● **Task objective**
Would you output the lines from the one containing "this 640×480 image." through the final line of the entries, exactly and with pictures omitted?

(Annotated photo localization data)

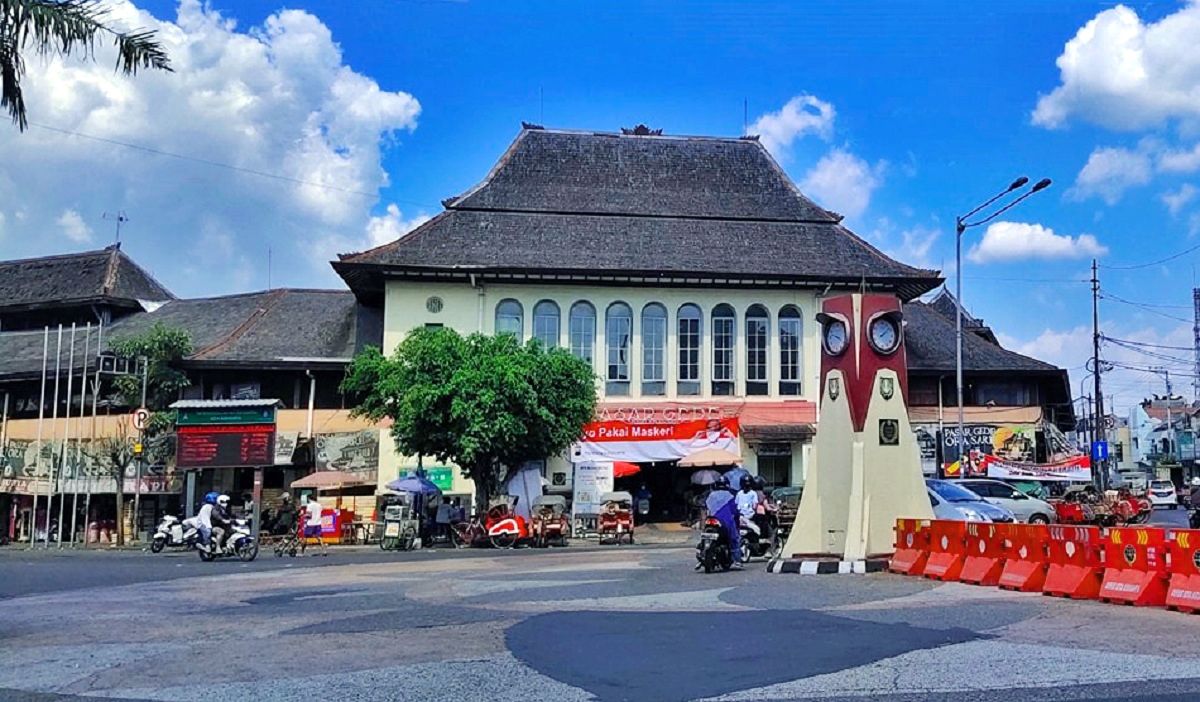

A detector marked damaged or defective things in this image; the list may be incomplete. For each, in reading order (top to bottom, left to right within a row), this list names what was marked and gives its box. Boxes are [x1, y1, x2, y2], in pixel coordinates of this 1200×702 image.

dark pavement patch [506, 607, 984, 700]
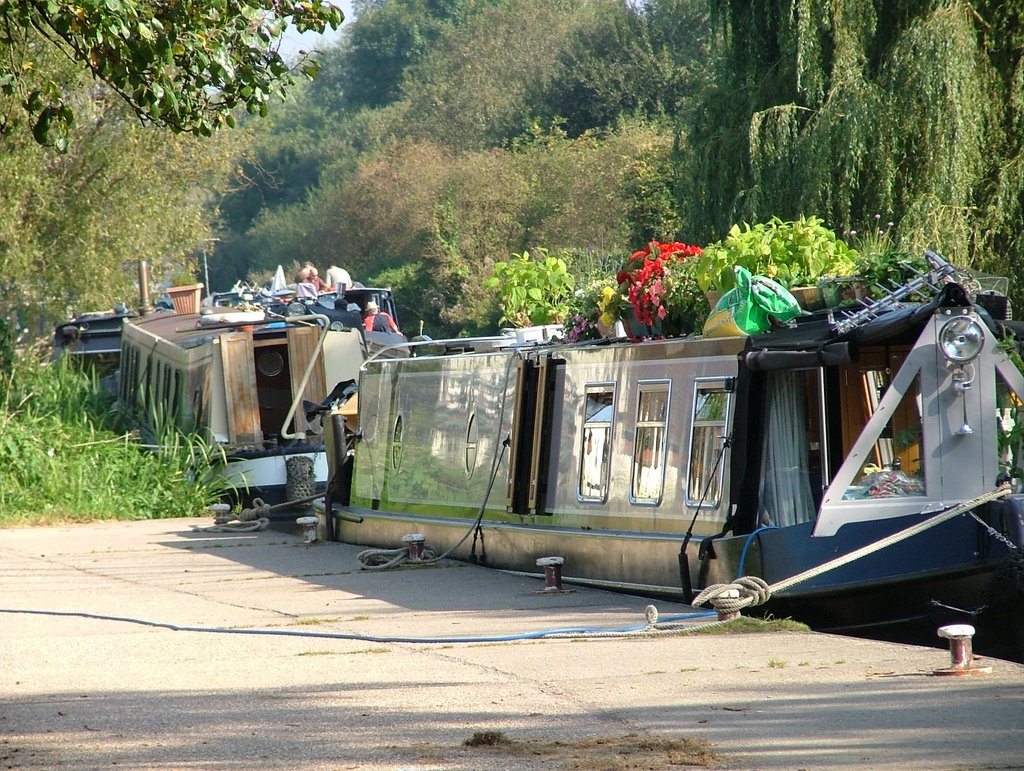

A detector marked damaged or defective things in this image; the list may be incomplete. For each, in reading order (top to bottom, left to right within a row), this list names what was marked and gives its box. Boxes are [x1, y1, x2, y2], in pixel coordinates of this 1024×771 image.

rusty metal panel [219, 331, 262, 444]
rusty metal panel [286, 323, 325, 434]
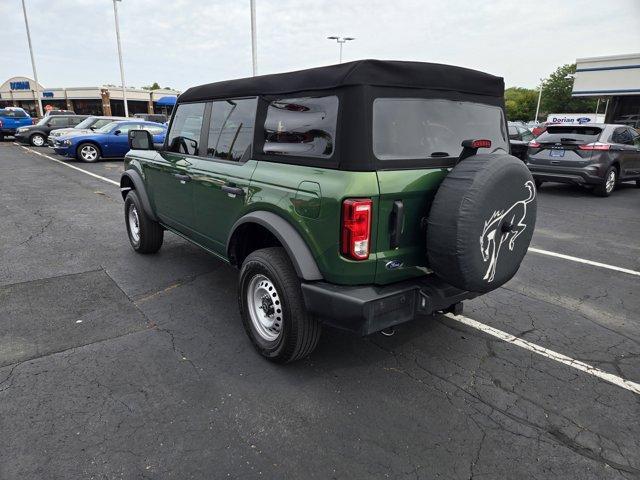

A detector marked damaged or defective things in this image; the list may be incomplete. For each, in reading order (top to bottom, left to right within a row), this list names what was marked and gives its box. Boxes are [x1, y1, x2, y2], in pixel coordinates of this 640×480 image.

cracked asphalt [0, 142, 636, 480]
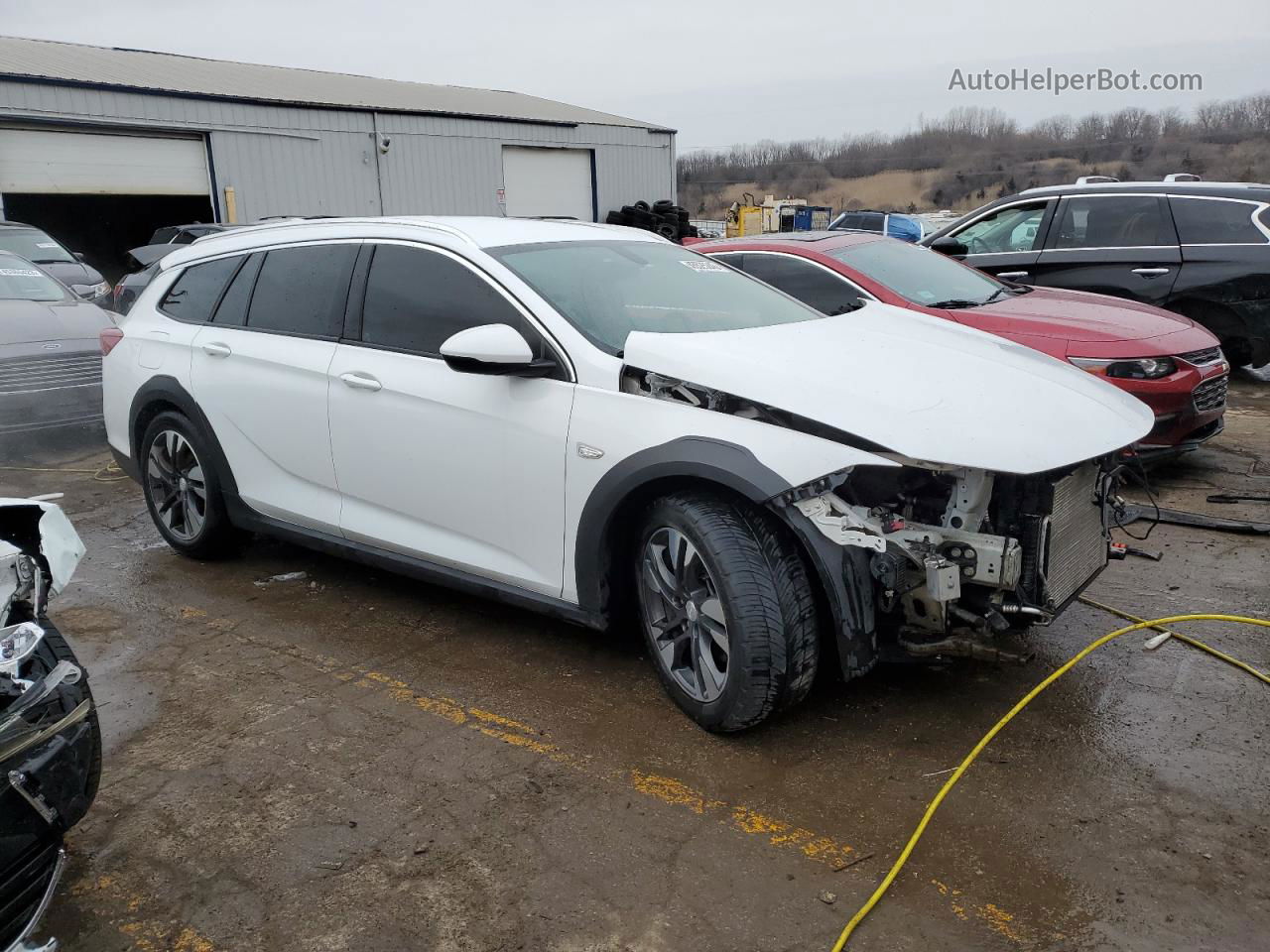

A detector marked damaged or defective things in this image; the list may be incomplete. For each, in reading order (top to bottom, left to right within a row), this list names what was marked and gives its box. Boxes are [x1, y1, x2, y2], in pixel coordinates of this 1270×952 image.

car front end damage [1, 500, 96, 952]
damaged white station wagon [101, 219, 1153, 736]
damaged white car hood [619, 302, 1158, 474]
car front end damage [777, 459, 1117, 664]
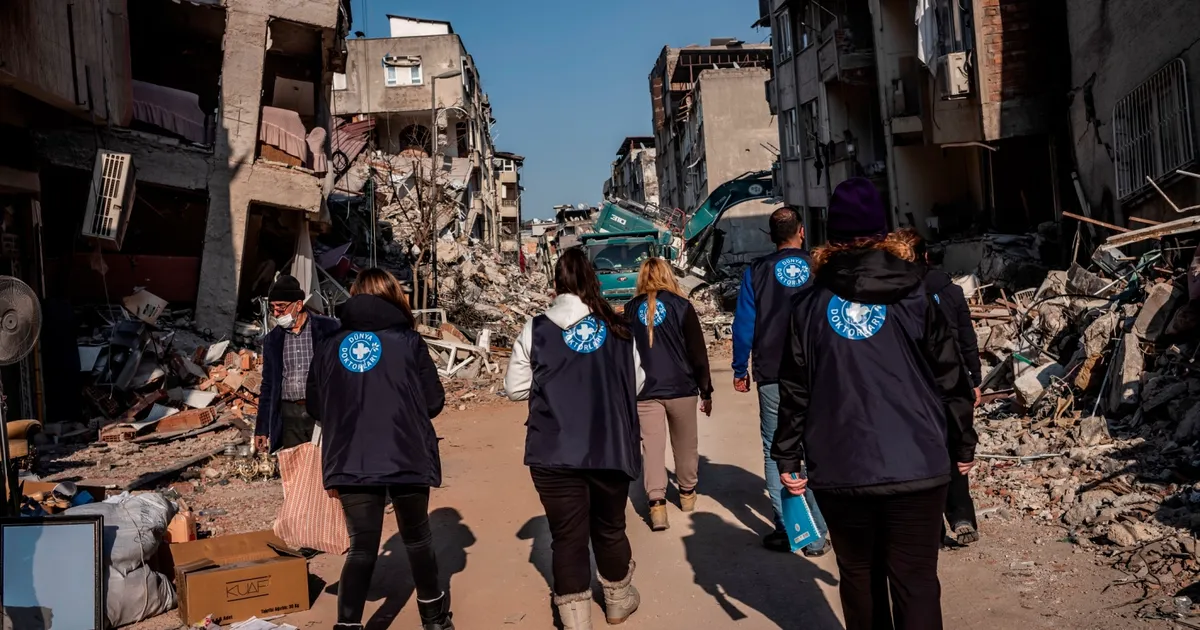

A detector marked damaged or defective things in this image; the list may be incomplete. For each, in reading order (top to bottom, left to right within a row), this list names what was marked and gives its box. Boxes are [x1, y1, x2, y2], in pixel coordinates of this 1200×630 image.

broken window [772, 8, 792, 63]
damaged concrete building [15, 0, 350, 336]
damaged concrete building [333, 15, 511, 250]
damaged concrete building [604, 135, 662, 206]
broken window [782, 107, 801, 158]
damaged concrete building [758, 0, 1070, 247]
broken window [1108, 58, 1195, 201]
broken concrete slab [1132, 283, 1190, 340]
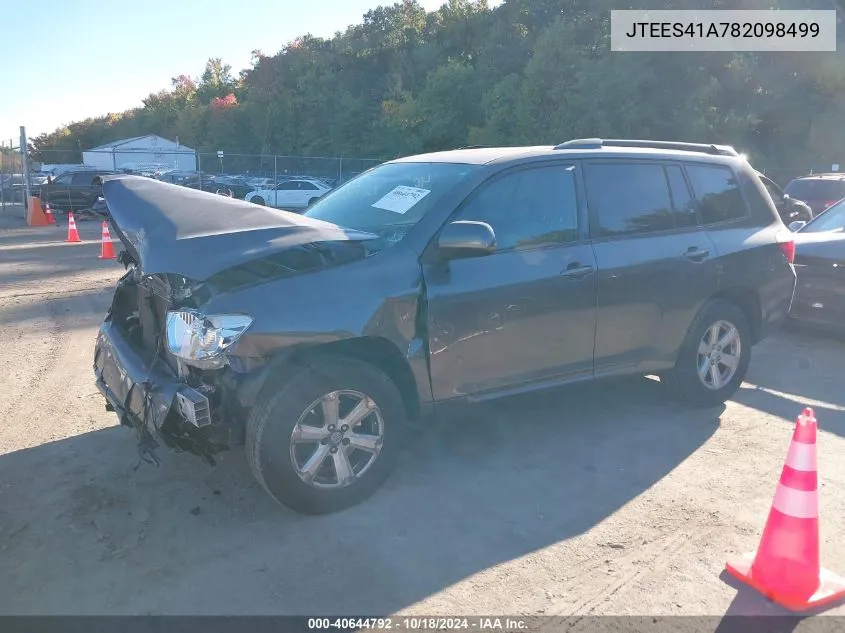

● **Answer section**
A detector marked damaged or defective things in this image; the list may be incomplete. For each, in reading order (top to bottom, left to right within a row), this list names what was marked and gives its box. Boxes are [x1, y1, x2, y2], in pixel coordinates of this 640×480 image.

cracked asphalt [0, 142, 636, 480]

A detector marked damaged or defective things in this image; the list may be incomplete. For each, in reading order (top to bottom, left to right within a row), this list names what was marked and gives its box. Boxes are [x1, y1, x2, y2], in pixel coordinates of this 1270×952 image.

car front end damage [1, 500, 96, 952]
damaged white station wagon [101, 219, 1153, 736]
damaged white car hood [619, 302, 1158, 474]
car front end damage [777, 459, 1117, 664]

A detector marked damaged or defective things in this image; the list may be incomplete. For each, in reading order (top to bottom, left to right within a row), this list names what was marked and gives its box. Boxes are [x1, y1, x2, y2], in pixel coordinates of this 1200×630 image.

broken window [772, 8, 792, 63]
damaged concrete building [15, 0, 350, 336]
damaged concrete building [333, 15, 511, 250]
damaged concrete building [604, 135, 662, 206]
broken window [782, 107, 801, 158]
damaged concrete building [758, 0, 1070, 247]
broken window [1108, 58, 1195, 201]
broken concrete slab [1132, 283, 1190, 340]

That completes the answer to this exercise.